In May 2002, Thompson & Morgan returned to independent private ownership by Primary Capital Partners, the Sangster brothers and key management. The company was sold to BVG Group in March 2017 through the acquisition of their parent company, Branded Garden Products for an undisclosed amount, however the sale price was estimated at £10 million. The new group has a combined turnover of £140 million, with an EBITDA in the region of £13.5 million.

== Awards ==
In the RHS Chelsea Flower Show 2018's 'plant of the year' competition, Thompson & Morgan plants were awarded first and third place.
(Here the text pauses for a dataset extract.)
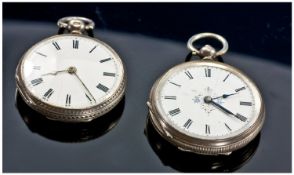 1920`s Silver Cased Ladies Pocket Watches with chased and embossed ornate decoration to back cover.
- First place: Hydrangea 'Runaway Bride Snow White'
- Third place: Helianthus 'Sunbelievable Brown Eyed Girl'

== Catalogue ==

The first Thompson and Morgan catalogue was created in 1855. They now produce over 20 different catalogues that are distributed in the UK, US, French and German markets. Catalogues are distributed by mail and can be requested directly from the company by telephone or via their websites.